ABOUT THIS EXERCISE:
Exclude all pictures from your copy of the data below, which should otherwise match exactly.

── RECORDS FOR PROCESSING

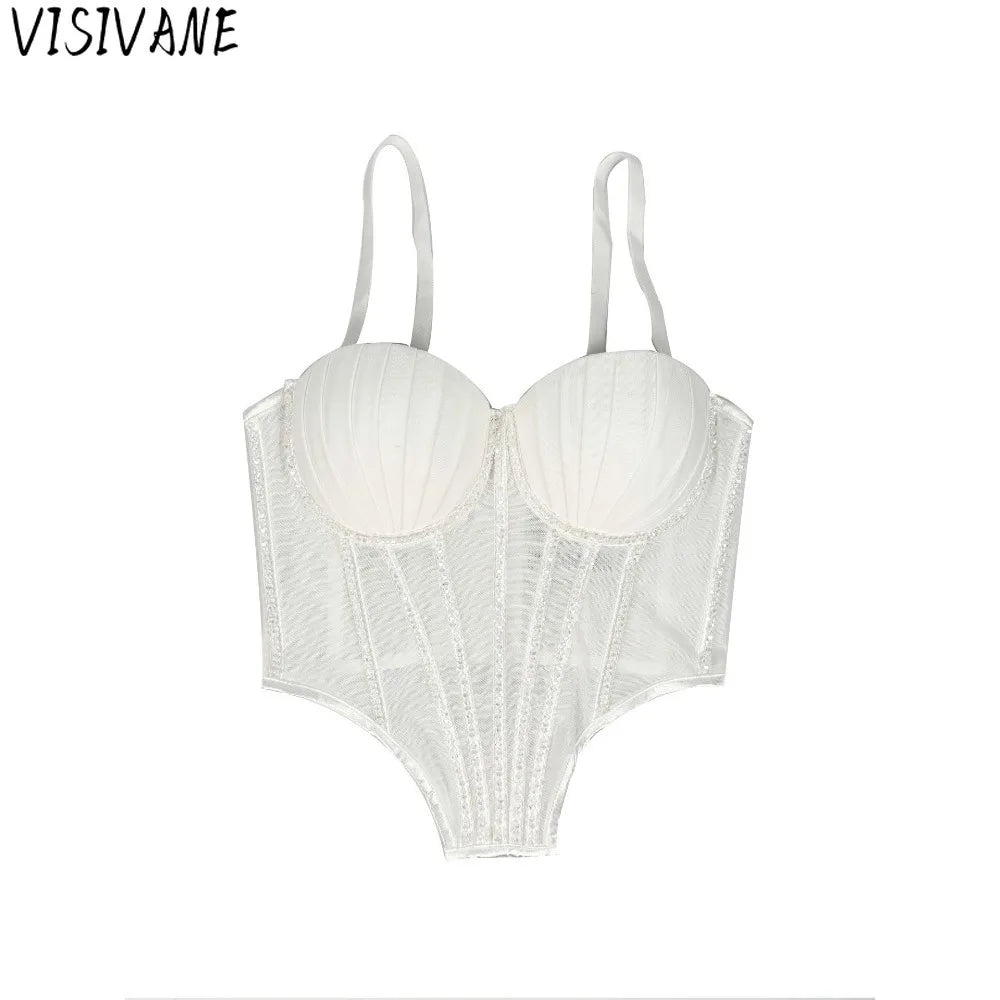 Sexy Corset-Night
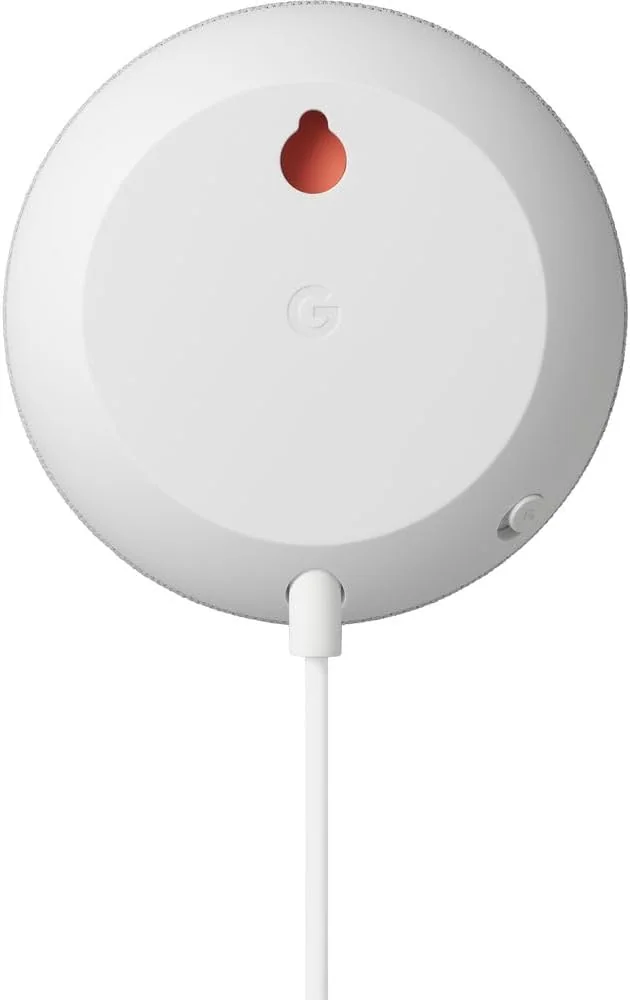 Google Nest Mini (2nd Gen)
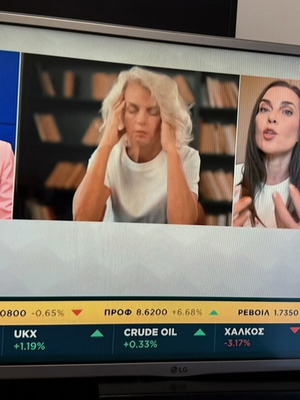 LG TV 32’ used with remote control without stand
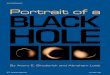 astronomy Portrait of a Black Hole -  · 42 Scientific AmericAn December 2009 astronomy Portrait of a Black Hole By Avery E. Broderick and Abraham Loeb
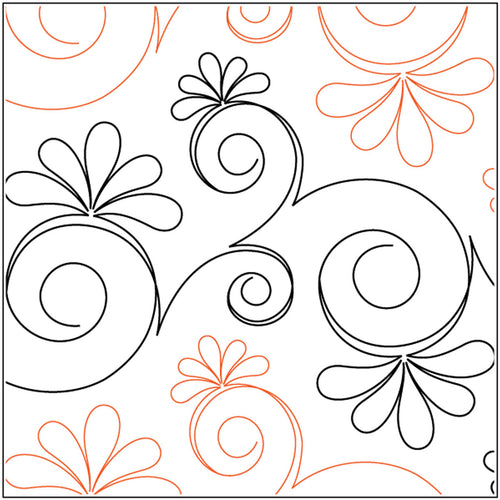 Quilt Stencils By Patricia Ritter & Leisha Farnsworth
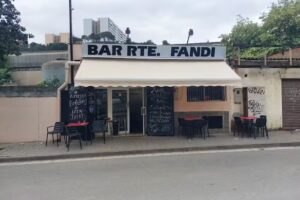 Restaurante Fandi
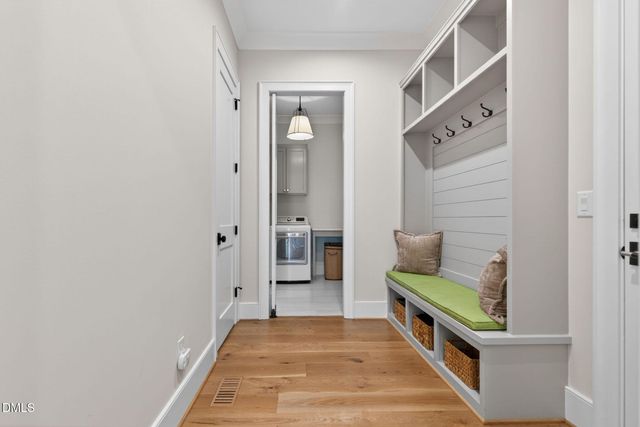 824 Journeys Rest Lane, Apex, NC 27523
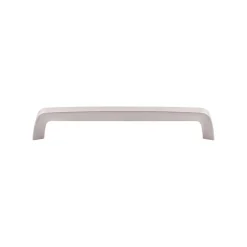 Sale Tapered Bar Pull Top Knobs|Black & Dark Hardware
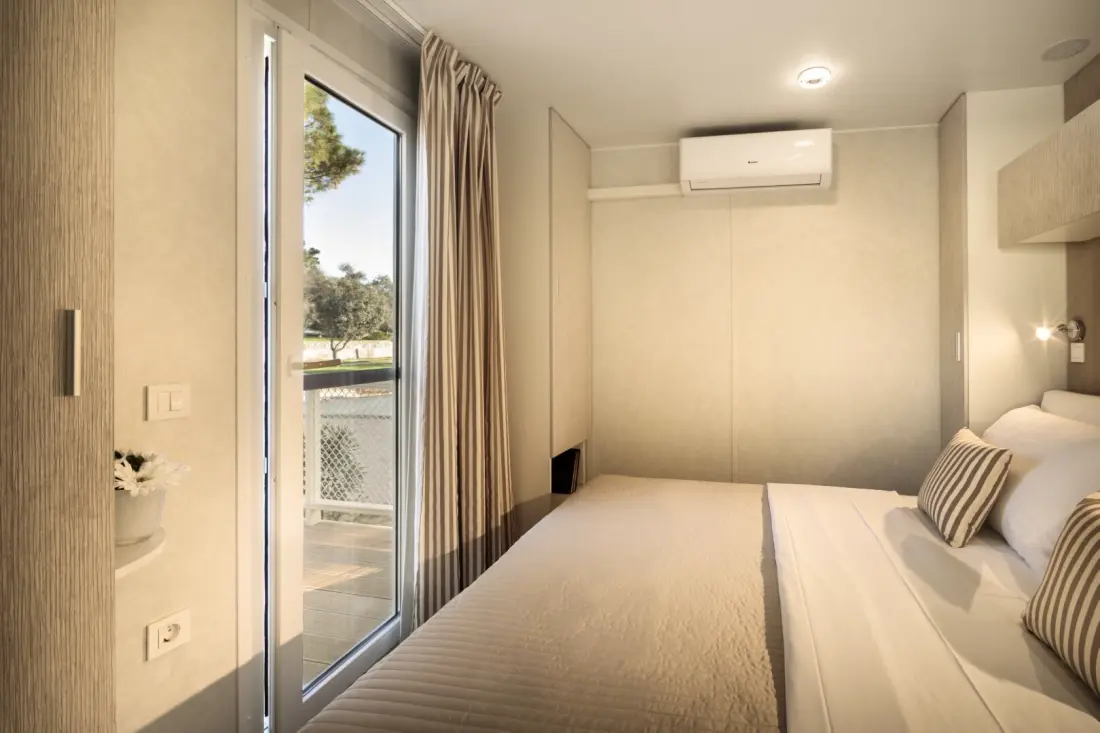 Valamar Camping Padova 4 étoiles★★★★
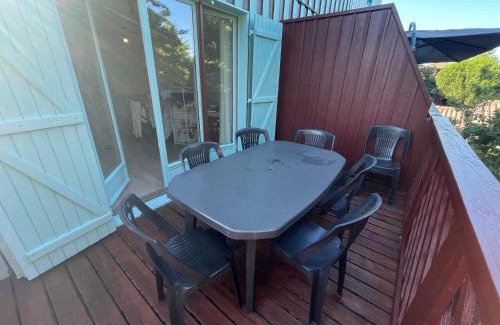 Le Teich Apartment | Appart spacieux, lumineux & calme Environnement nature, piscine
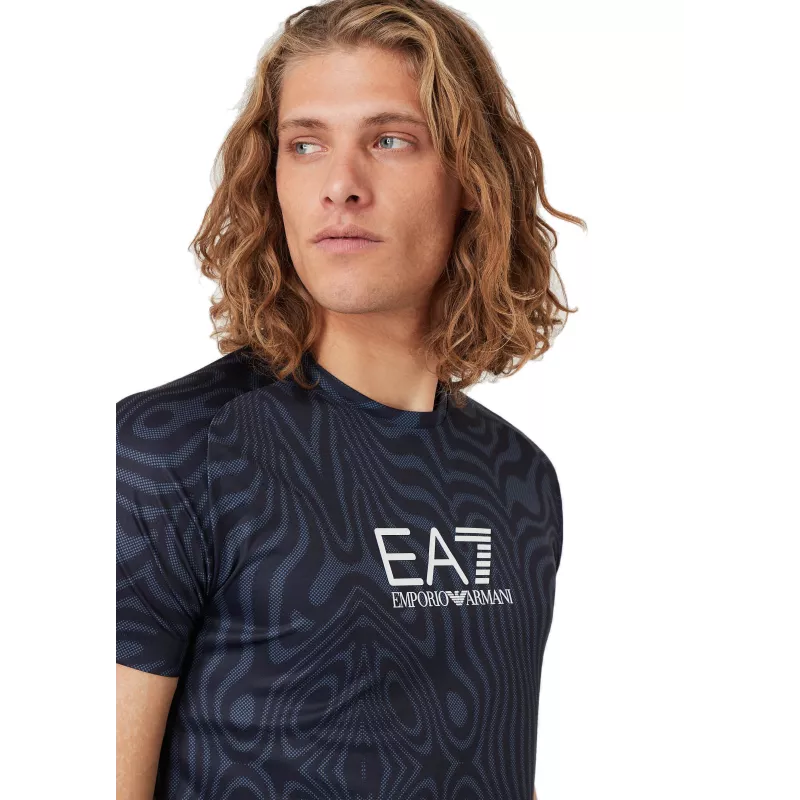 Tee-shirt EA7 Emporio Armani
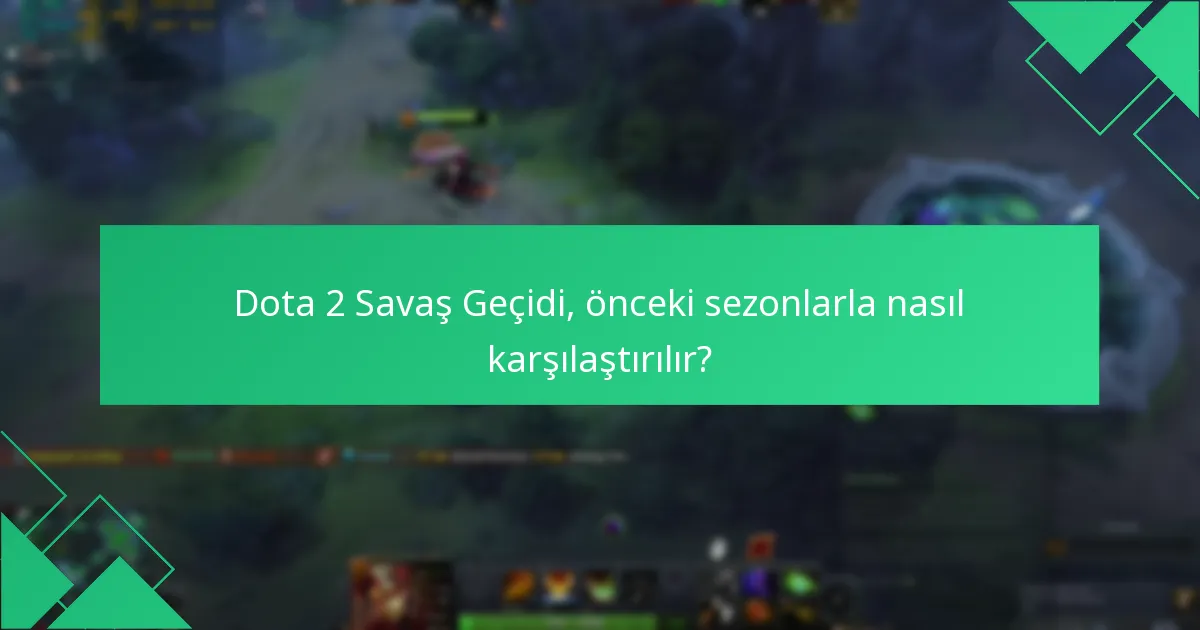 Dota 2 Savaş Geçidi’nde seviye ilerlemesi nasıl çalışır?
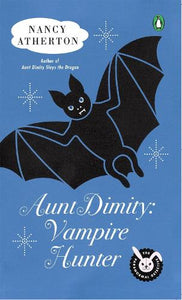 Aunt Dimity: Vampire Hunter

────

RESPONSE TO THIS TASK:
 Sexy Corset-Night
 Google Nest Mini (2nd Gen)
 LG TV 32’ used with remote control without stand
 astronomy Portrait of a Black Hole -  · 42 Scientific AmericAn December 2009 astronomy Portrait of a Black Hole By Avery E. Broderick and Abraham Loeb
 Quilt Stencils By Patricia Ritter & Leisha Farnsworth
 Restaurante Fandi
 824 Journeys Rest Lane, Apex, NC 27523
 Sale Tapered Bar Pull Top Knobs|Black & Dark Hardware
 Valamar Camping Padova 4 étoiles★★★★
 Le Teich Apartment | Appart spacieux, lumineux & calme Environnement nature, piscine
 Tee-shirt EA7 Emporio Armani
 Dota 2 Savaş Geçidi’nde seviye ilerlemesi nasıl çalışır?
 Aunt Dimity: Vampire Hunter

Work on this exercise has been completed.